August 24, 2015 6:01am CST
I have this memory that has been popping into my head lately. It's of a time in my life that was necessary, but unfortunately kind of embarrassing. I remember one particular day that stings the invisible scars that anoint my being. I remember the fear mingled with hope, and yet the overwhelming desire to run, to flee and free myself from the suffocating feelings. I remember looking at the people in the room with me and being so damn scared of change that it shook me to my very core. I guess that was the first time I realized how much routine and constant things make me feel secure. I wanted to be alone in that room, I didn't want to face the fear that sat beside me. I felt the pressure of wanting to be free from my fears, and yet wanting to protect them all the same. I was naive, I was young, and I was scared shitless. The truth is, after that, nothing really changed. I faced the fear but it was still there. In the years following that event, I learned to separate myself, to distance and disentangle myself. I learned to hate, even though that hate was not solely my own. It was fueled by the misgivings and naivete of others. I don't hate that fear anymore, but I am sort of sad that the fear isn't strong enough to face itself. That particular fear is no longer present in my life, and there are many unanswered questions.
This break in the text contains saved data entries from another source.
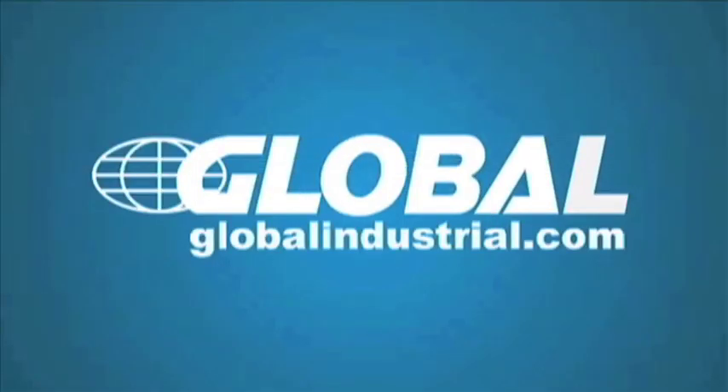Sign up for our email newsletter for great money-saving deals. I'll see you next time. Thank you.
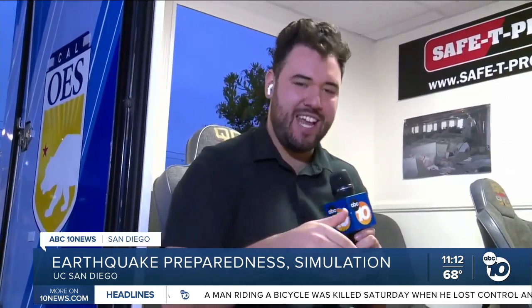If you want to come here to UC San Diego to visit it, it's open until noon. For now, at UC San Diego, Adam Campos, ABC 10 News.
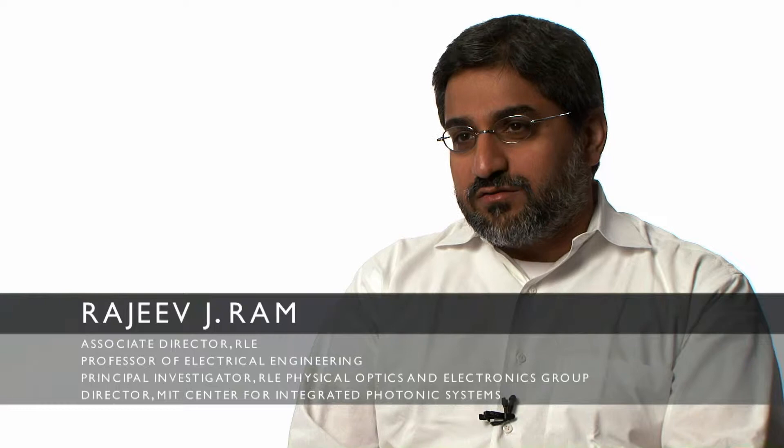I'm Rajiv Ram. I'm a professor in electrical engineering here at MIT, and I'm also associate director for the research lab for electronics.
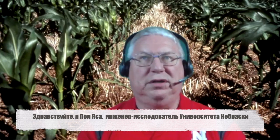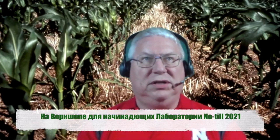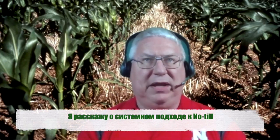Hello, I am Paul Yassa, Extension Engineer at the University of Nebraska. At the No-Till Laboratory 2021 Workshop for Beginners, I will be speaking about the systems approach to no-till.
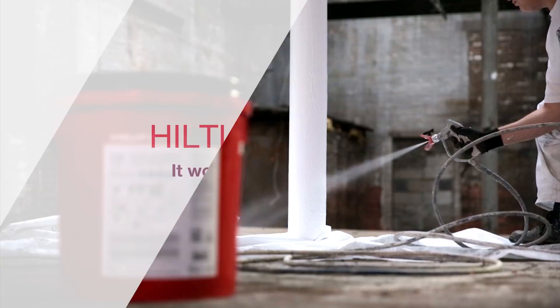Hilti Fire Finish is an intumescent paint that is used in the fireproofing industry to protect structural steel for aesthetically pleasing areas.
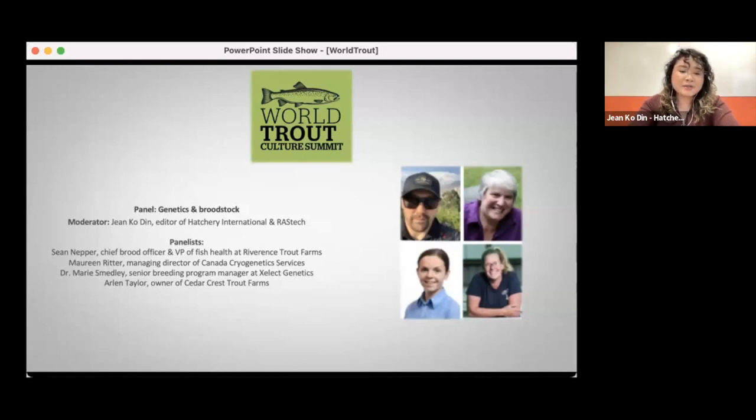Today we have Sean Knepper, Chief Brood Officer and Vice President of Fish Health at Riverlands Trout Farms; Maureen Ritter, Managing Director of Canada Cryogenetics Services; Dr. Maurice Medley, Senior Breeding Program Manager at Select Genetics; and Arlen Taylor, owner of Cedar Crest Trout Farms. Welcome everyone.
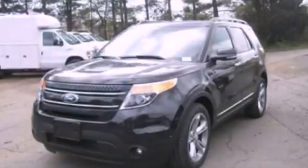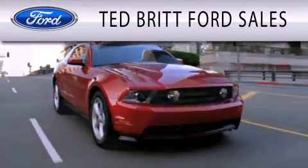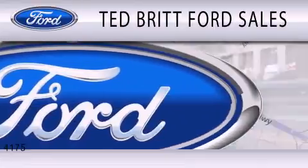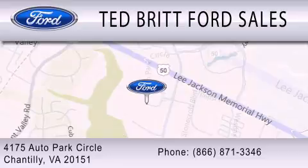We invite you to contact us today to learn more about this vehicle. Ted Britt Ford Sales is dedicated to doing everything possible to ensure that the experience you have selecting your next vehicle is as pleasant as possible. We are located at 4175 Auto Park Circle in Chantilly.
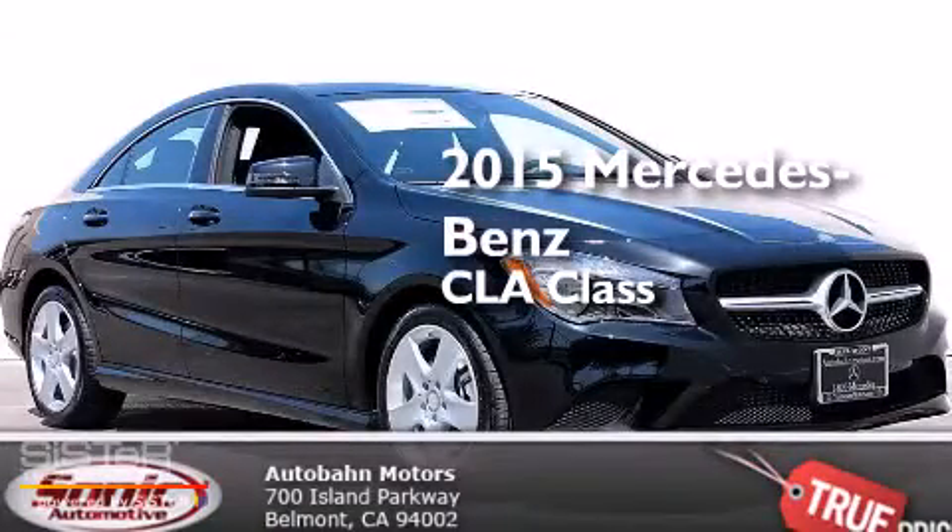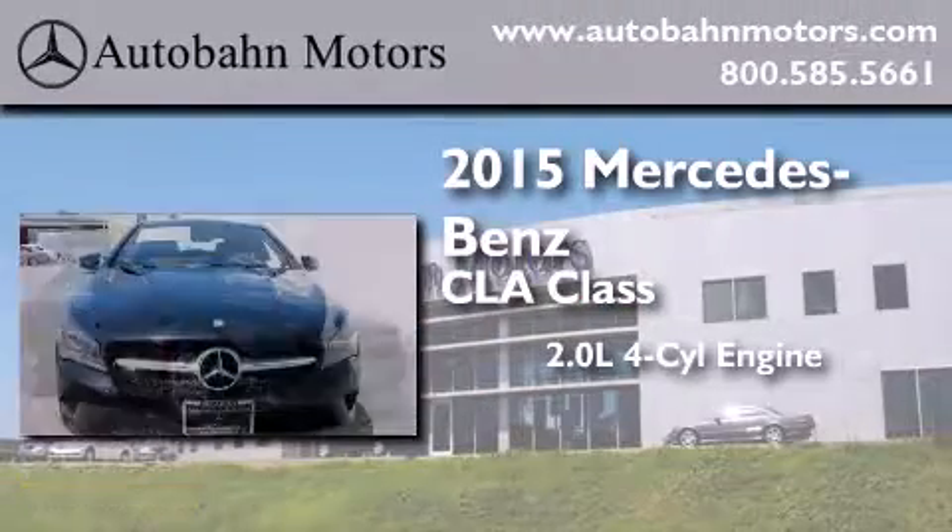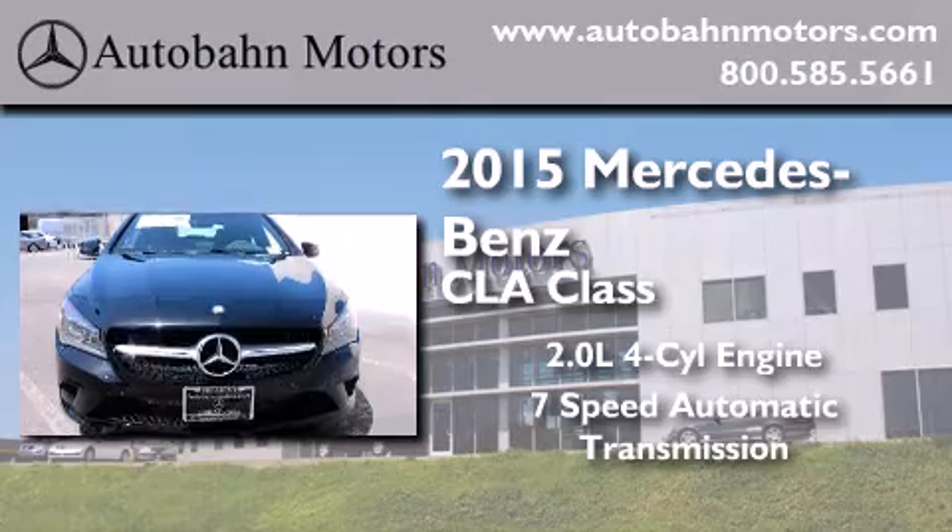This is a brand new 2015 Mercedes-Benz CLA Class. It has a 2.0 liter, 4-cylinder engine, and a 7-speed automatic transmission.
Questions that I've learned to let go, because truthfully? They are better left unanswered. I wonder who might be reading this and who might realize that this fear has a name. *I originally posted this on my personal Facebook account*
4 people like this
• Cambridge, England
24 Aug 15
I'm certainly fond of routine and the 'sameness' of things. I have sometimes been unsettled, even frightened, when circumstances look as though they're about to change radically and I am almost always scared out of my mind if I am asked to speak to a group of people though, strangely enough, I can introduce and sing a song in front of an audience of thousands without any qualms at all. As long as I know in advance that things will change and will have to change and can see, at least, the basic patten of that change, I can cope with it. Any fear I have simply opens my ability to adapt and evaluate each step of the change as it happens and I am usually confident and competent at coping with it. I am not sure (because your description doesn't make it clear) whether that matches your fear - probably not, because, in my case, it is not one but many fears. Fear of making a fool of myself (when I know that I'm required not to); fear of forgetting my agenda; fear that people will not understand what I want to say (even though I may have written my lecture or speech verbatim); fear that I may sound too pompous or too light, be over-wordy or too colloquial so that I either bore my audience or that they may not take me seriously. Most of these come down, one way or another, to a fear of what people might think of me and that is something over which I have no control. I don't think that it's possible to fear things which you know that you can control but if you are not sure that you can control something (such as your emotions or blushing or the pitch of your voice) then that is when you begin to lose confidence in yourself and actually fear your lack of trust in yourself. No, I can't guess what name you give to your fear.
• United States
29 Aug 15
My description was not exactly about that. However, I have had that kind of fear and anxiety before. I am still very much a creature of habit and routine. I can cope and handle things if I am given advance notice, but otherwise am a mess of worries. The description / this post was actually talking about my father, and a time in my life when I feared him.
• Boise, Idaho
27 Aug 15
This is a part of life's lesson. How we go up against the fears in our lives. Isn't it our own lack of confidence that causes fear? If we know that we are doing the best we can and walking toward life in as positive and honest a way as we can then what do we have to fear? I would let it go. Tell myself I am doing the best I can and I won't be afraid anymore. Take it a day at a time.
• United States
29 Aug 15
This was a fear that I had for a long time. It was when I was younger. Now the fear is just a sad non part of my life. The fear is a person. No longer a fear but a memory.
24 Aug 15
at least you know and acknowledge that there is something wrong with you. I mean the "fear" the change maybe. that's the first step. and what the most important thing among all of these fears.. is that you are able to conquer it and stepped on it. Congratulations, you have just proven that you are a human being. We all have fears, doubts, sadness, happiness and anxiety, it is all by means because we are humans.